# EXTRACTED INFORMATION

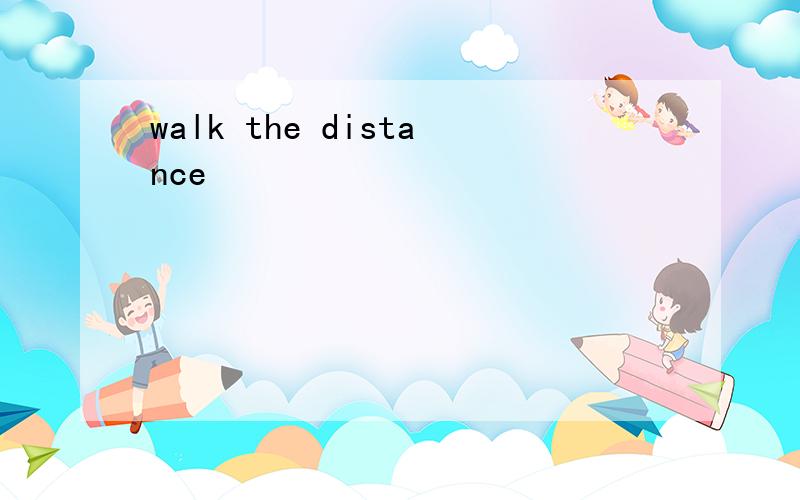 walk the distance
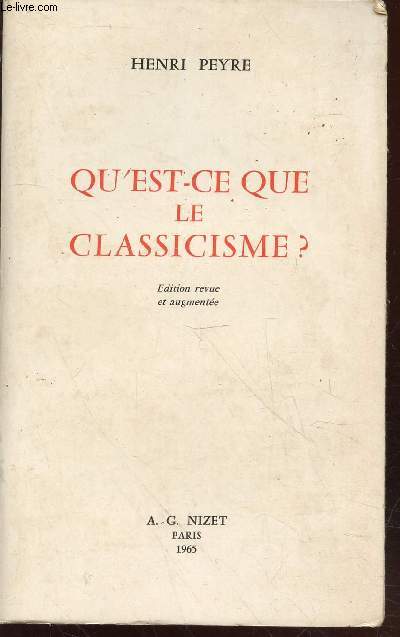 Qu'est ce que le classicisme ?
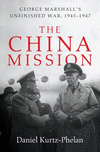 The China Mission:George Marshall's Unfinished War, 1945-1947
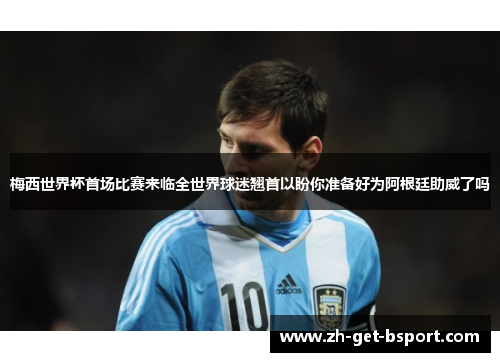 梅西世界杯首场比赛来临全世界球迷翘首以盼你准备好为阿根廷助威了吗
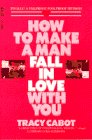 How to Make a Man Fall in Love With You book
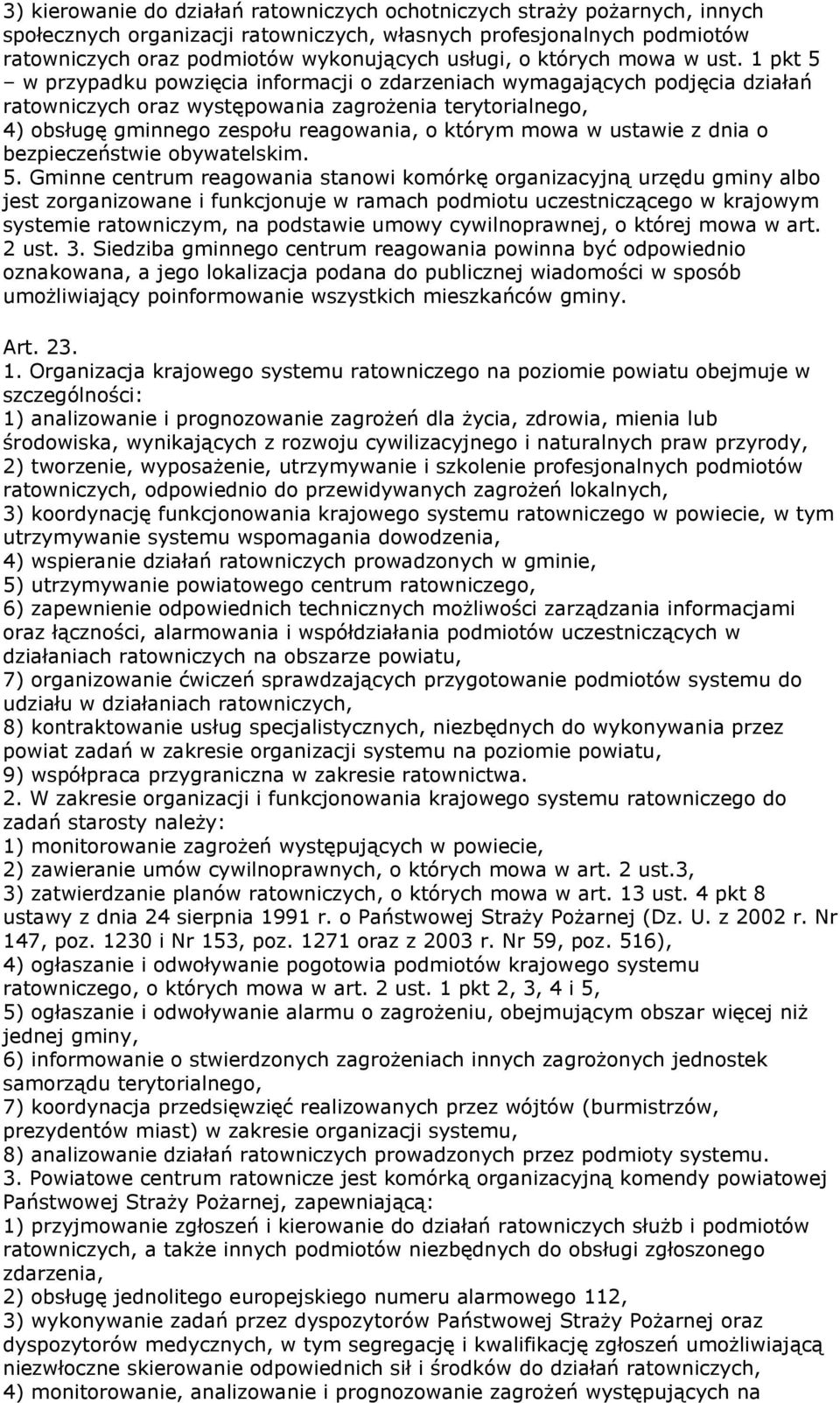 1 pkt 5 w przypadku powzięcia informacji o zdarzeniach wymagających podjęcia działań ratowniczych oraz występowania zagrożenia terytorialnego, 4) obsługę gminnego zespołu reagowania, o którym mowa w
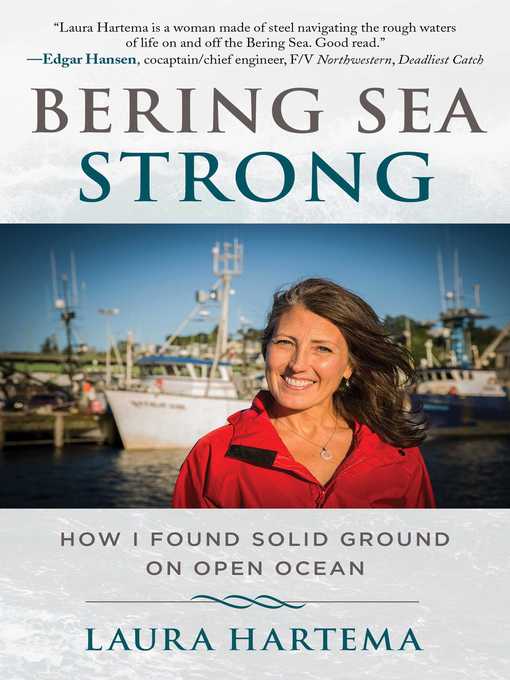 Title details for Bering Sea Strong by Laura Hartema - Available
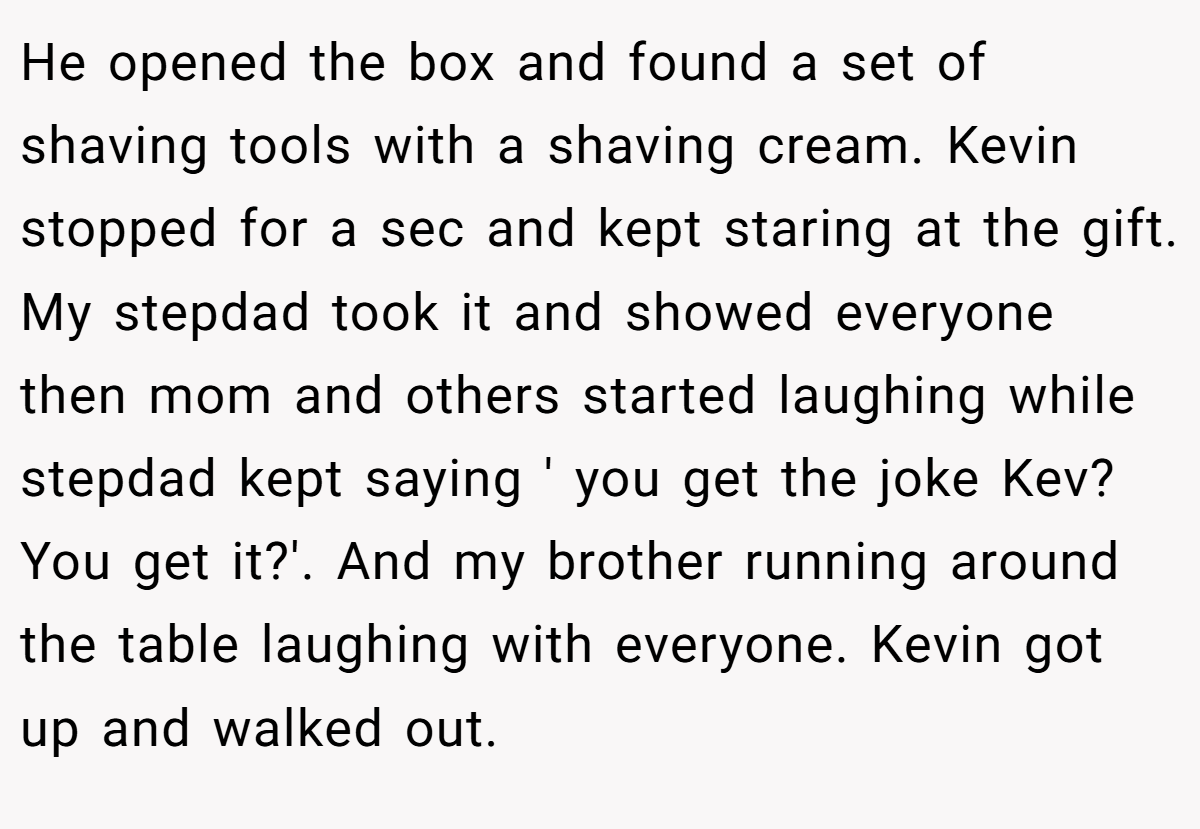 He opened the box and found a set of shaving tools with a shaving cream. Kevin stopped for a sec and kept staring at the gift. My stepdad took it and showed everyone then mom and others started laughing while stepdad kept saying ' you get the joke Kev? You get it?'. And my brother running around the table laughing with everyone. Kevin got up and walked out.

# REQUIRED WORK
In the listing above, find the line with "梅西世界杯首场比赛来临全世界球迷翘首以盼你准备好为阿根廷助威了吗" and output it and every line after it up to and including the line with "Title details for", exactly, minus the pictures.

# RESULT
 梅西世界杯首场比赛来临全世界球迷翘首以盼你准备好为阿根廷助威了吗
 How to Make a Man Fall in Love With You book
 1 pkt 5 w przypadku powzięcia informacji o zdarzeniach wymagających podjęcia działań ratowniczych oraz występowania zagrożenia terytorialnego, 4) obsługę gminnego zespołu reagowania, o którym mowa w
 Title details for Bering Sea Strong by Laura Hartema - Available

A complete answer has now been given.